В центре этого склепа, словно зловещий идол, символ его одержимости, его безумия, его неспособности отпустить прошлое, словно проклятый талисман, стоял тот самый портрет Эмилии. На портрете красовалась кровь, запекшаяся на его поверхности, словно багряная печать дьявола, знаменующая собой его падение в бездну, его окончательную гибель. Он смотрел на этот портрет часами, днями, неделями, погружаясь в транс, забывая о времени и пространстве, словно находясь под гипнозом, не в силах вырваться из плена этого зловещего образа.
Наступила зима, окутывающая мир своим ледяным дыханием, знаменующая собой конец всего живого, словно подражая холоду, поселившемуся в его душе. Снег падал за окном, укутывая город в белую пелену, словно саван, скрывающий все его грехи и пороки, укрывая его от жалостливых взглядов и осуждения. Мороз проникал в квартиру сквозь щели в окнах, словно ледяные иглы, пронзающие его плоть, напоминающие о близости смерти, сковывая все вокруг ледяным дыханием. Александр, одетый в тонкую рубашку и старые джинсы, словно сознательно отказываясь от защиты, готовясь к неминуемой гибели, дрожал от холода, но не обращал на это внимания, словно тело уже потеряло чувствительность.

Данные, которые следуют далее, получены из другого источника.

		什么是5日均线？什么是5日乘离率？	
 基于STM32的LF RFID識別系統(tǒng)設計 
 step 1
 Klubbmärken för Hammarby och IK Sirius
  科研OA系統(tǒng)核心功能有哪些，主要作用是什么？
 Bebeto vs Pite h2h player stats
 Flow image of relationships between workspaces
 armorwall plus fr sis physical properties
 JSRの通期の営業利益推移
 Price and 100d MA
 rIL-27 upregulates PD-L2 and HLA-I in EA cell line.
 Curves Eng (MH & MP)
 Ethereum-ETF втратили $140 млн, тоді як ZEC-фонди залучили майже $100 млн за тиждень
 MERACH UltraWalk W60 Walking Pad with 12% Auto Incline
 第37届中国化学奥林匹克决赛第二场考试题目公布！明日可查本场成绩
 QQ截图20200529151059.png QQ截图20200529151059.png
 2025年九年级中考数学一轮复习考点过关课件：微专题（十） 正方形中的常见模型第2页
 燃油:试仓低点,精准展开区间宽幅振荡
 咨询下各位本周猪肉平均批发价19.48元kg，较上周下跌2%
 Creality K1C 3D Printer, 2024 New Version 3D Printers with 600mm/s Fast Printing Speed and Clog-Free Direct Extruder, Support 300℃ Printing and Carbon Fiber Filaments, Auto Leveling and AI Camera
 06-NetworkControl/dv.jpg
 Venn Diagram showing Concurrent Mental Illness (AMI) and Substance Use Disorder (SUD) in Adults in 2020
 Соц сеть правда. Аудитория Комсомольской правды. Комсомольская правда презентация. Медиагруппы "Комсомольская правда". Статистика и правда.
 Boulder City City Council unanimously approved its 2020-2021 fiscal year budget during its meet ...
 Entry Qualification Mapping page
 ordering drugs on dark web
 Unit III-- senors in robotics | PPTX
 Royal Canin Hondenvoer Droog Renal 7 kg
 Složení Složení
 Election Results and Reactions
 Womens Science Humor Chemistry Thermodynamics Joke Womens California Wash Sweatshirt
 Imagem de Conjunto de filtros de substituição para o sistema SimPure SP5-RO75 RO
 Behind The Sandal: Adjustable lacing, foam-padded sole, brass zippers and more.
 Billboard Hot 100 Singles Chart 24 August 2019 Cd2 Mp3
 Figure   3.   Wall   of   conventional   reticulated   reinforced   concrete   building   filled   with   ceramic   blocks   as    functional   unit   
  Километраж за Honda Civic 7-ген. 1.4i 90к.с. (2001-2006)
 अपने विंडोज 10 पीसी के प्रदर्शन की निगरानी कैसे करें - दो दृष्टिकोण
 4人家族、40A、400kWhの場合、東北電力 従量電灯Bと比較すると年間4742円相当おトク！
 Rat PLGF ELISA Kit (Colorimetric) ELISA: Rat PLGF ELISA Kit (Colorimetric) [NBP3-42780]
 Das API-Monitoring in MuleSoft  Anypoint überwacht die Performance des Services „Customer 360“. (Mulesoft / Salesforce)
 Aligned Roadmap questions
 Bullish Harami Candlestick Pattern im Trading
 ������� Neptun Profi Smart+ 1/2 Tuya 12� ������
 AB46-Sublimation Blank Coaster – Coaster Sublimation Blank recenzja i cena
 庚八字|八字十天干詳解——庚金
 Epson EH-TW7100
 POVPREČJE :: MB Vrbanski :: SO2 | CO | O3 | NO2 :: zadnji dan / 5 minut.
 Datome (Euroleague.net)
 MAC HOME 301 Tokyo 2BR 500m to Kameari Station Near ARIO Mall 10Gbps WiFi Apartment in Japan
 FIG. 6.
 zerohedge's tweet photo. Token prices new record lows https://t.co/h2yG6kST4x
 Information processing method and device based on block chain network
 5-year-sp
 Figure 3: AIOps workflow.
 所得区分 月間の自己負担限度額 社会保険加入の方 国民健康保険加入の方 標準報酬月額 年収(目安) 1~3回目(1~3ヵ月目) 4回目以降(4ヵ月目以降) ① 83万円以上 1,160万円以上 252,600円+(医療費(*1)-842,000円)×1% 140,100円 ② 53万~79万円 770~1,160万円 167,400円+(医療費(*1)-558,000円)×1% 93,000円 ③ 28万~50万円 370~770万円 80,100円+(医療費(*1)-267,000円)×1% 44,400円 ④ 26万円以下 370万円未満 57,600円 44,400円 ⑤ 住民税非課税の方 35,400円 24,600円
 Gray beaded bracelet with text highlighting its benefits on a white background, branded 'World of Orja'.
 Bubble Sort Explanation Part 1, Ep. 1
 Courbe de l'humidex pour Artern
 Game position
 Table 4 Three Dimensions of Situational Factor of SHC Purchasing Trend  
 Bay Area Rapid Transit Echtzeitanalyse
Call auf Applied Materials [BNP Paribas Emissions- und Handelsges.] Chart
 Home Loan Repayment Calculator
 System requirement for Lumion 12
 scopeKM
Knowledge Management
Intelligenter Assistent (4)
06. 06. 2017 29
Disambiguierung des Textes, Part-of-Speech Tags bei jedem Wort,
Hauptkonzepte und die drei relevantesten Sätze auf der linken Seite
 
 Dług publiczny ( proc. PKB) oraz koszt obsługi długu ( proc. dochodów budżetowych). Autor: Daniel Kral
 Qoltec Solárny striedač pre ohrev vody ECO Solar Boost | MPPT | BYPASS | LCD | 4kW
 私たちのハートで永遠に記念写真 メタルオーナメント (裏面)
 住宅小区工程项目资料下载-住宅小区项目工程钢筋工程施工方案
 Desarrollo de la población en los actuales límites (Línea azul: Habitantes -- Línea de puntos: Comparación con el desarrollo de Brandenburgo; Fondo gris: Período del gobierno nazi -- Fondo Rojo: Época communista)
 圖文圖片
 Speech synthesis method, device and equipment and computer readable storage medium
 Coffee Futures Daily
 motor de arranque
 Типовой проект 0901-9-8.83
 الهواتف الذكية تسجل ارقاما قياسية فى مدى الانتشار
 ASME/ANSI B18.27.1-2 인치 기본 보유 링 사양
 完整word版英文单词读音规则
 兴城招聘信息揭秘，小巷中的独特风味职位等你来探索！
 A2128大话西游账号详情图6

Однажды ночью, обессиленный и потерянный Александр вышел из квартиры, оставив дверь открытой. Он брел по заснеженным коридорам не зная, куда идет, не имея цели. Его ноги сами привели его к месту, где когда-то располагалась его первая мастерская.
Войдя внутрь, он почувствовал, как мороз проникает в его кости, сковывая каждый мускул. Он нашел в углу старый, незаконченный холст с изображением Эмилии. Он обнял этот холст, прижался к нему щекой, словно к живому человеку.
Он лег на холодный бетонный пол, укрывшись холстом, как одеялом. Он закрыл глаза и увидел перед собой Эмилию – молодую, красивую, счастливую. Он вспомнил их первую встречу, их первый поцелуй, их первую ночь. Он вспомнил их мечты, их планы, их надежды. И почувствовал, как по щекам катятся слезы – слезы раскаяния, слезы боли, слезы любви.
Холод становился все сильнее, сковывая его тело, парализуя волю. Он чувствовал, как жизнь покидает его, как его сознание угасает, словно пламя свечи, догоревшей до конца.
Его последние слова были шепотом, едва слышным в ледяной тишине: “Прости, Эмилия… Без твоего света я не вижу холста…”
Утром его нашли замерзшим насмерть, обнимающим незаконченный портрет Эмилии. На его лице застыла полуулыбка, словно он, наконец, обрел покой. А на холсте, словно последнее послание, алела кровь, запекшаяся в форме сердца. Зима похоронила его, как старую ненужную картину, оставив миру лишь печальную историю о любви, ревности и безумии.